*** Begin section ***

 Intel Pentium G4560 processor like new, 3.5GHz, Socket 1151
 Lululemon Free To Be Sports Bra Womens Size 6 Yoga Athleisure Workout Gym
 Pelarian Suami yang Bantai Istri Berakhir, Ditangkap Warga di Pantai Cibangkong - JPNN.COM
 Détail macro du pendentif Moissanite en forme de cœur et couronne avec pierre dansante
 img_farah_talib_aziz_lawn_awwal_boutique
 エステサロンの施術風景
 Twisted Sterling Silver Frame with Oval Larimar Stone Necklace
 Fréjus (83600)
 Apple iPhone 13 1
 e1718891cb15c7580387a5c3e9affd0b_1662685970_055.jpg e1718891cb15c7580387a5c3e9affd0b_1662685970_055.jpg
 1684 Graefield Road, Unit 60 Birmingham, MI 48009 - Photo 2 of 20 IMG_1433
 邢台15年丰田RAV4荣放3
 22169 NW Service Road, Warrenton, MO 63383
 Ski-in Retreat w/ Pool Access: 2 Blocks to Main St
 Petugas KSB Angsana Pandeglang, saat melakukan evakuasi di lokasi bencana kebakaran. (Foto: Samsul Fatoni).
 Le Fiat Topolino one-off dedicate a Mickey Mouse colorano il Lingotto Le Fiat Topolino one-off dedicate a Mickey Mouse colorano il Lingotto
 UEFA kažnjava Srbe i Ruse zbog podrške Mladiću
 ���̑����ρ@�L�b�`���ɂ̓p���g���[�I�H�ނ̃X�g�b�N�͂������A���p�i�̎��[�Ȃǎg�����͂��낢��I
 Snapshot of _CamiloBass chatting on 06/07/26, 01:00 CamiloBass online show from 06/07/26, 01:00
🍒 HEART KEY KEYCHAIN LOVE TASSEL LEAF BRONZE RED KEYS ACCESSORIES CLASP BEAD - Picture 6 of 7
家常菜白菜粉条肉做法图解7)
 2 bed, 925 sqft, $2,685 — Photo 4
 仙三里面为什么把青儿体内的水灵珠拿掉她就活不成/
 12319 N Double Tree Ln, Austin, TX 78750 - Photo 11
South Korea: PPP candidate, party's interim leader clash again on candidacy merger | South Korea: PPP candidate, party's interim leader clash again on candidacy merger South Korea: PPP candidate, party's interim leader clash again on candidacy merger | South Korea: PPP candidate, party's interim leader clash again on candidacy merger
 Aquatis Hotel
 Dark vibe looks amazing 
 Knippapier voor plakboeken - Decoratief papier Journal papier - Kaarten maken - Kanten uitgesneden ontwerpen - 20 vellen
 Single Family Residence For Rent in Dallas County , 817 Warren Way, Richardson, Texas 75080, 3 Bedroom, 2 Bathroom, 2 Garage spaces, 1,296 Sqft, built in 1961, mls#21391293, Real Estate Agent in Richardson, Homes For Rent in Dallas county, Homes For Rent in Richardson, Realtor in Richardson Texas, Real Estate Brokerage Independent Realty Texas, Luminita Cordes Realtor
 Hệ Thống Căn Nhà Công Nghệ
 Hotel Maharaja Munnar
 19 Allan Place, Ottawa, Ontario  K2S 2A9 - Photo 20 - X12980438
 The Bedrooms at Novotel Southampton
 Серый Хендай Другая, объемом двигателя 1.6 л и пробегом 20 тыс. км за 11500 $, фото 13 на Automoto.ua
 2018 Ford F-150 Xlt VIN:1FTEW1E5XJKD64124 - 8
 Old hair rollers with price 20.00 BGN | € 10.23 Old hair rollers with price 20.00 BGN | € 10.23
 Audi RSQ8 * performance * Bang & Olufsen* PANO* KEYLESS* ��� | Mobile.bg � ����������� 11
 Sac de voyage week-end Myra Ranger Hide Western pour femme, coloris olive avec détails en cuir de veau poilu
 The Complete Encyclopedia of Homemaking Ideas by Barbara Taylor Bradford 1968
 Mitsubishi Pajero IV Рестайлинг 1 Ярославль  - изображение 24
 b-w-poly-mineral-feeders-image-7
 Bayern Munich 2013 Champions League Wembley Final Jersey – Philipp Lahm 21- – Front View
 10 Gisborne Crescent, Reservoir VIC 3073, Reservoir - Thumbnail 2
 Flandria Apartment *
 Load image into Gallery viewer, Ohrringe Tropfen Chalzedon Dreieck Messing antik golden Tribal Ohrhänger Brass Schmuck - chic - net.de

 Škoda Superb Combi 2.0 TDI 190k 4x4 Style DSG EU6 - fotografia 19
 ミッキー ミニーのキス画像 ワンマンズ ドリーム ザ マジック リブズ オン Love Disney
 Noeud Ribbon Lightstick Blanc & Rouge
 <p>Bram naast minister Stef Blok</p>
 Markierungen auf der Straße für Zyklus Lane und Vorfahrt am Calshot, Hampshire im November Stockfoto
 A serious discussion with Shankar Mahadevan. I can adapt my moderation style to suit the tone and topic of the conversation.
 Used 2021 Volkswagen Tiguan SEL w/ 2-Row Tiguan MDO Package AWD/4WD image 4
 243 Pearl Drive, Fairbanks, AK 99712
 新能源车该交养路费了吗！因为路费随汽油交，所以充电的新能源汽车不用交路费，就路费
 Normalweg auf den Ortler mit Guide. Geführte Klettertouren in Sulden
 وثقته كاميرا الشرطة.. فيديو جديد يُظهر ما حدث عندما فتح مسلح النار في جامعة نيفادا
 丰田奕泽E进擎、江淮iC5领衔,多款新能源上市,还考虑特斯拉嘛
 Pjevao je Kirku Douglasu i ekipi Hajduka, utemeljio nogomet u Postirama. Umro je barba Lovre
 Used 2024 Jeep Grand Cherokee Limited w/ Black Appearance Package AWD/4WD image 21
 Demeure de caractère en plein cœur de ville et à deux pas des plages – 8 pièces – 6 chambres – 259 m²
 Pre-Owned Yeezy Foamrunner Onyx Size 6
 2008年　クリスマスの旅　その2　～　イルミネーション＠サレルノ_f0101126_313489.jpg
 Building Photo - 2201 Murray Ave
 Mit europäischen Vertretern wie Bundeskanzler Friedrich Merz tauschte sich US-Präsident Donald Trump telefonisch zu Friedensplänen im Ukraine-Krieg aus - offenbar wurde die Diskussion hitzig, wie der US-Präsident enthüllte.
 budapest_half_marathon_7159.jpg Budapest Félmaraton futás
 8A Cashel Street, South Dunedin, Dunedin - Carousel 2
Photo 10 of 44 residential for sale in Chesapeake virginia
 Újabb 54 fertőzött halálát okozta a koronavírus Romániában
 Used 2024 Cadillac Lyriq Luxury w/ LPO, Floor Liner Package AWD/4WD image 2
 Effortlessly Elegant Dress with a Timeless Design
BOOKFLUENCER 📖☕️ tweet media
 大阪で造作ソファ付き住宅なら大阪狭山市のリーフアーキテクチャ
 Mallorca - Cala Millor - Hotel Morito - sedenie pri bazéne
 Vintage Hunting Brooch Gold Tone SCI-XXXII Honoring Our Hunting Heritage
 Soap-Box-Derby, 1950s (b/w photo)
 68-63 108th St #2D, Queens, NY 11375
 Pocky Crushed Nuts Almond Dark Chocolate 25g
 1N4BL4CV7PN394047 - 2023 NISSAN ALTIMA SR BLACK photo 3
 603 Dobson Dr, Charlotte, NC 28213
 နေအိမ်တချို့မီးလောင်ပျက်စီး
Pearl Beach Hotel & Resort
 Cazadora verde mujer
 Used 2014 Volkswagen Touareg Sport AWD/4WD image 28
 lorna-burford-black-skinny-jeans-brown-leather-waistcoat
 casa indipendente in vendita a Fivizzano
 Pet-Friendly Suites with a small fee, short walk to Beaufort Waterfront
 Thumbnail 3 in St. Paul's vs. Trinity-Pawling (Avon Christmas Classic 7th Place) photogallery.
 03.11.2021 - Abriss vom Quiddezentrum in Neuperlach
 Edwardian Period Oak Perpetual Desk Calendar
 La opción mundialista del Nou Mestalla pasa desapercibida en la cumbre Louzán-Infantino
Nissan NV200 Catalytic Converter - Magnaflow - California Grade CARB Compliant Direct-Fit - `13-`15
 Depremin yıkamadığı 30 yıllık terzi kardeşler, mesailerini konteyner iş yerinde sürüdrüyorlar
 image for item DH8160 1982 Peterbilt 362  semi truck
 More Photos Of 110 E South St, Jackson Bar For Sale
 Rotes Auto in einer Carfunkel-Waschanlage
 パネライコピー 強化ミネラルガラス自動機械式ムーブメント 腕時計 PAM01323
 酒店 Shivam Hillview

*** End section ***

Task brief — Please print the material above exactly as it appears, from its first line through the line containing "Knippapier voor plakboeken", inclusive, and stop there.

Output below —
 Intel Pentium G4560 processor like new, 3.5GHz, Socket 1151
 Lululemon Free To Be Sports Bra Womens Size 6 Yoga Athleisure Workout Gym
 Pelarian Suami yang Bantai Istri Berakhir, Ditangkap Warga di Pantai Cibangkong - JPNN.COM
 Détail macro du pendentif Moissanite en forme de cœur et couronne avec pierre dansante
 img_farah_talib_aziz_lawn_awwal_boutique
 エステサロンの施術風景
 Twisted Sterling Silver Frame with Oval Larimar Stone Necklace
 Fréjus (83600)
 Apple iPhone 13 1
 e1718891cb15c7580387a5c3e9affd0b_1662685970_055.jpg e1718891cb15c7580387a5c3e9affd0b_1662685970_055.jpg
 1684 Graefield Road, Unit 60 Birmingham, MI 48009 - Photo 2 of 20 IMG_1433
 邢台15年丰田RAV4荣放3
 22169 NW Service Road, Warrenton, MO 63383
 Ski-in Retreat w/ Pool Access: 2 Blocks to Main St
 Petugas KSB Angsana Pandeglang, saat melakukan evakuasi di lokasi bencana kebakaran. (Foto: Samsul Fatoni).
 Le Fiat Topolino one-off dedicate a Mickey Mouse colorano il Lingotto Le Fiat Topolino one-off dedicate a Mickey Mouse colorano il Lingotto
 UEFA kažnjava Srbe i Ruse zbog podrške Mladiću
 ���̑����ρ@�L�b�`���ɂ̓p���g���[�I�H�ނ̃X�g�b�N�͂������A���p�i�̎��[�Ȃǎg�����͂��낢��I
 Snapshot of _CamiloBass chatting on 06/07/26, 01:00 CamiloBass online show from 06/07/26, 01:00
🍒 HEART KEY KEYCHAIN LOVE TASSEL LEAF BRONZE RED KEYS ACCESSORIES CLASP BEAD - Picture 6 of 7
家常菜白菜粉条肉做法图解7)
 2 bed, 925 sqft, $2,685 — Photo 4
 仙三里面为什么把青儿体内的水灵珠拿掉她就活不成/
 12319 N Double Tree Ln, Austin, TX 78750 - Photo 11
South Korea: PPP candidate, party's interim leader clash again on candidacy merger | South Korea: PPP candidate, party's interim leader clash again on candidacy merger South Korea: PPP candidate, party's interim leader clash again on candidacy merger | South Korea: PPP candidate, party's interim leader clash again on candidacy merger
 Aquatis Hotel
 Dark vibe looks amazing 
 Knippapier voor plakboeken - Decoratief papier Journal papier - Kaarten maken - Kanten uitgesneden ontwerpen - 20 vellen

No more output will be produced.